Step 2: Clean the workpiece with a paper towel and rubbing alcohol one last time.
You have reached the end of the project and you now have your very own etched glass sign.
Thank you for taking the time to read/make my instructable on "Making your own etched glass sign". I hope you enjoyed this project as much as i enjoyed making this instructable. This is my very first instructable so i hope i covered everything well, but if you have any questions please leave a comment with your question or check the last page of this instructable for hints/notes from me.
I hope this project inspired you, just as it inspired me as a young kid. Hopefully you will continue glass etching and i look forward to seeing all the etching projects you guys will try.
I will be entering this instructable in the "Full Spectrum Laser" contest and any votes would be very appreciated. With a laser printer i would be able to do some more complex glass etching projects and as this is one of my favorite past times it would make me very happy to expand into a whole new world of glass etching.
I do plan on making future instructables to take this project to the next level. If you made this project look out for my future instructables on making a Light up sign base for your project, Adding paint effects to your piece, and one teaching some more advanced etching techniques.
Step 10: Extra Notes
In this section i will cover the materials in more depth, and some extra tips i have to make sure you project comes out perfect every time.
Glass- I am somewhat an expert on this material as i work as a glazier (glass installer). There are a lot of different types of glass most will work for this project. Tempered glass will NOT work for this project you'll know if your glass is tempered or not by looking for a "bug" or "cobb" on one of the corners of the piece of glass. This "bug" will be a company logo with some writing that will say if it is safety glass or not. If your piece of glass does not have a "bug" there is a 99% chance that it is annealed and that you can use it for this project.
For this project i would recommend glass that is a 1/4 thick or more. I used 3/8 thick glass.
If you are having trouble finding thick glass go to your local glass shop (install/repair windows) they should be able to cut you a piece off scrap. They may even give you the small pieces as small pieces are pretty much useless scrap to them. If they do cut you a piece make sure they seam the sharp edges off.
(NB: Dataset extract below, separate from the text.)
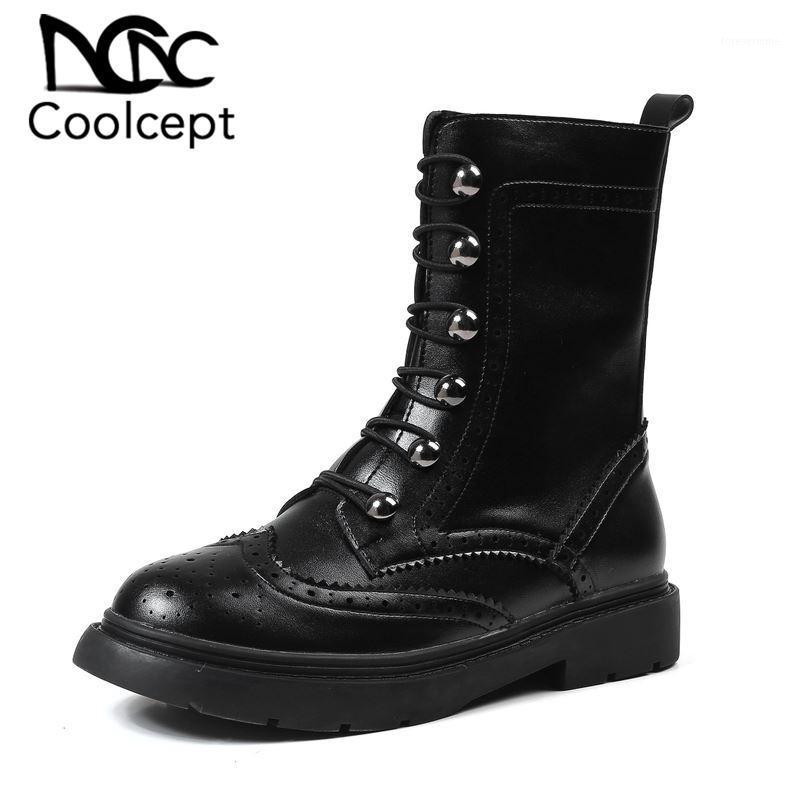 

CoolCept 2020 New Women Ankle Boots Solid Color Round Toe Brogue Shoes Vintage Woman Autumn Winter Warm Footwear Size 35-401, Black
If you'd like nicer looking edges for your glass sign, ask them to order a piece that has a flat polish or pencil polish. The piece i used has flat polished edges.
Vinyl Contact paper.
This can be found at most hardware stores. It will be with the other shelf liners, keep in mind that you do not want the foam type or the thick/plastic type. Vinyl contact paper is about 4 mil thin. It will probably be the cheapest option of shelf liner. Make sure you get the self adhesive type as they have both adhesive and non adhesive versions.
My source for this materials is actually the 99cent store. They have had it in stock for years in my area and it can be found in kitchen utensils isle.
I have not used this since i upgraded to a blast cabinet but i would recommend the brand ARMOUR ETCH.
Spray mount is perfect for any stencil work you do. It is different then spray adhesive in a couple ways, it is repositionable and it will not wrinkle your paper as easily.
It can be found in most art stores.
If you plan on doing this a lot i really recommend buying one of these. You can pick one up from harbor freight tools for around $200. This will come with a blast gun and a light on the inside to improve visibility.
I use aluminum oxide. 40lbs will last you a long long time. Do not use actual sand in your blast cabinet as its particles are very hazardous to your health.
I have a few extra tips to help with different parts of this instrucable.
Cutting out your stencil
Tip try to lift your blade off the workpiece as little as possible while cutting out your design. This will give you smoother lines and transitions.
Use a metal straight edge to cut out any perfectly straight lines you have.
If you remove an entire section that you didnt want to you can cut a small piece of contact paper out and patch the area.
Try to avoid doing lines close together.